The chief executive of Sky has cast further doubt on the future of Sky News, saying the service is no longer critical to the pay-TV broadcaster.

The future of Sky News potentially hangs in the balance after the UK regulator said on Tuesday that Rupert Murdoch’s ownership of the news service could block his £11.7bn bid for Sky because it would give him too much control over UK news media.

The deal would see the Murdoch family control the Times, Sunday Times, Sun, Wall Street Journal and Sky News, a situation the Competition & Markets Authority (CMA) said would give them “too much influence over public opinion and the political agenda”.

Jeremy Darroch, the chief executive of Sky, told analysts on Thursday that the loss-making Sky News was not as important as it was when the company launched in the 1990s and was no longer a “critical” part of the pay-TV broadcaster’s business.

“Sky News is a great service.
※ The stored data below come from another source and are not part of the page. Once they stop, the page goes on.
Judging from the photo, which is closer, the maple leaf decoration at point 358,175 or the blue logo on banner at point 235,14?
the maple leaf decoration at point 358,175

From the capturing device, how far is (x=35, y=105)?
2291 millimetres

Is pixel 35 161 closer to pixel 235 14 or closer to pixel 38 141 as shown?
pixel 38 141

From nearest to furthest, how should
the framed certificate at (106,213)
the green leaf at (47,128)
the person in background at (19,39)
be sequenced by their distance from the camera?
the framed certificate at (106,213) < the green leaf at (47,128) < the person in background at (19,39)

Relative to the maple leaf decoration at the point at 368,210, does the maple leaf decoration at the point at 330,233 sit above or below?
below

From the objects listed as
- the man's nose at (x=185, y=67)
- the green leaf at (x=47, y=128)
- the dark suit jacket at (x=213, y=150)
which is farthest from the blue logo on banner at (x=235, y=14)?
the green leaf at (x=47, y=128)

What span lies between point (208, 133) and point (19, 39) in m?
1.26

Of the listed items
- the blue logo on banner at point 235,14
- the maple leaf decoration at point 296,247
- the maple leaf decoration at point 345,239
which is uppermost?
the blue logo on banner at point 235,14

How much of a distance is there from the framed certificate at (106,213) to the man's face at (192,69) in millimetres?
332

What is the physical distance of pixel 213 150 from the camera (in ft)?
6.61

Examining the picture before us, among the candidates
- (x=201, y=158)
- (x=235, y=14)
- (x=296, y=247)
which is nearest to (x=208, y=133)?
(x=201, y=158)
It’s very highly valued,” he told analysts following publication of Sky’s latest financial results. “It was more important in the overall mix of the company when we were launching, in the early days. It had a lot of brand presence. It was an area we could build in. I wouldn’t describe Sky News as critical to the business today. Indeed I wouldn’t really pick any part of our business as critical.”
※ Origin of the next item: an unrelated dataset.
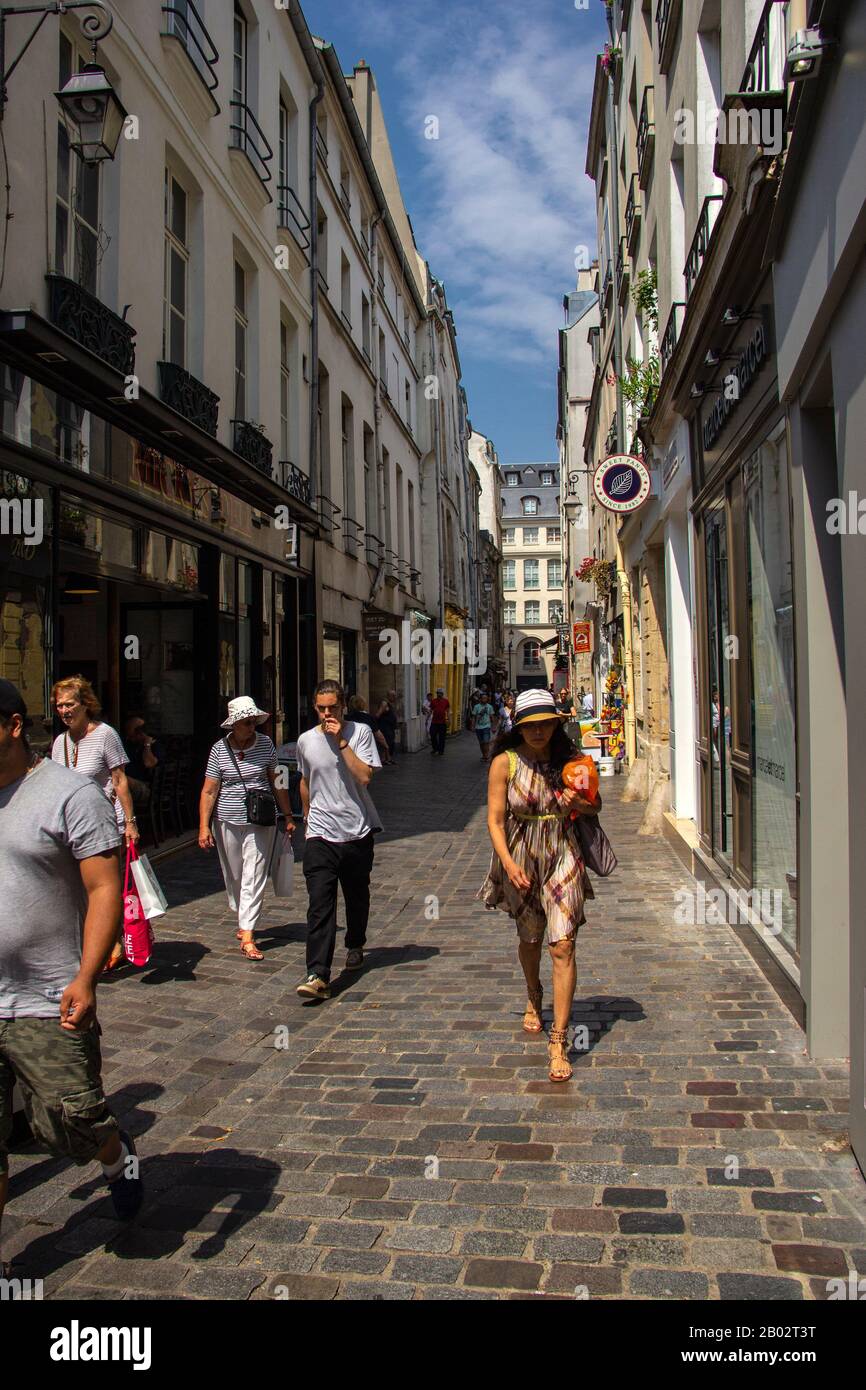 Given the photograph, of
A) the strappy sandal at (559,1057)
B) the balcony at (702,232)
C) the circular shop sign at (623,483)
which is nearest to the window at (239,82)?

Sky previously warned the CMA that it could close Sky News if 21st Century Fox were unable to gain regulatory clearance for the £11.7bn bid to buy the 61% of Sky it did not already own. Shutting Sky News would eliminate the media plurality issue at a stroke.
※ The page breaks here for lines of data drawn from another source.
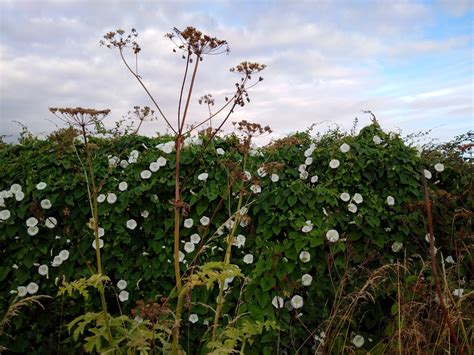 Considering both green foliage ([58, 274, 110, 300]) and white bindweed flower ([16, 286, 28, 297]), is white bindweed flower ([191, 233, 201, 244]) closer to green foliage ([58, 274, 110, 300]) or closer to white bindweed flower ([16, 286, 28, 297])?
green foliage ([58, 274, 110, 300])

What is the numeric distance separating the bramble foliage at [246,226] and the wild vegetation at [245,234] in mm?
10

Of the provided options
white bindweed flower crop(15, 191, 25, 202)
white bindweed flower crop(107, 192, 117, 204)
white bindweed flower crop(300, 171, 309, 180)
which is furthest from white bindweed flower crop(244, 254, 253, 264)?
A: white bindweed flower crop(15, 191, 25, 202)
Darroch’s failure to give a guarantee on the future of Sky News, which employs about 500 people, follows a similar stance he took with journalists discussing Sky’s first-half results before the call with analysts.

Despite the fact that it was Sky that filed the submission to the CMA that threatened the future of Sky News, Darroch refused to comment. Instead he said the regulatory process was being “predominantly led” by 21st Century Fox.

“Generally the message for all of our business is that we have a day job to do and we have got to keep this business being successful whatever it does,” he said on the conference call. “We are not being distracted by any of that [regulatory process].”

The CMA has launched a consultation looking at three options to solve the public interest issues raised by Sky News: that the deal is blocked, that Sky News is spun off or sold or that Sky News is insulated from the influence of the Murdoch family trust. The latter option would involve creating what the CMA refers to as a “firewall” such as a truly independent board of directors and guaranteed funding for at least five years.

The CMA also raised the possibility that the Murdochs could sell Sky News to Disney separately before its $66bn deal to buy most of 21st Century Fox, which would clear regulatory issues.

Earlier this week, the SNP MP Brendan O’Hara accused Sky of using its news staff as “pawns in the takeover” to try to coerce the competition regulator and the culture secretary, Matt Hancock, into clearing the deal.

“The greatest disaster that could befall plurality of media in this country would be if Sky News … were to be closed by its new owner,” said John Whittingdale, a former culture secretary, in the House of Commons on Tuesday.

The broadcasting regulator Ofcom has previously said the loss of Sky News could “present risks to plurality equal to or greater than those presented by the transaction itself”.

The CMA will consult on its provisional findings and potential remedies before delivering its final report to the government by a deadline of 1 May.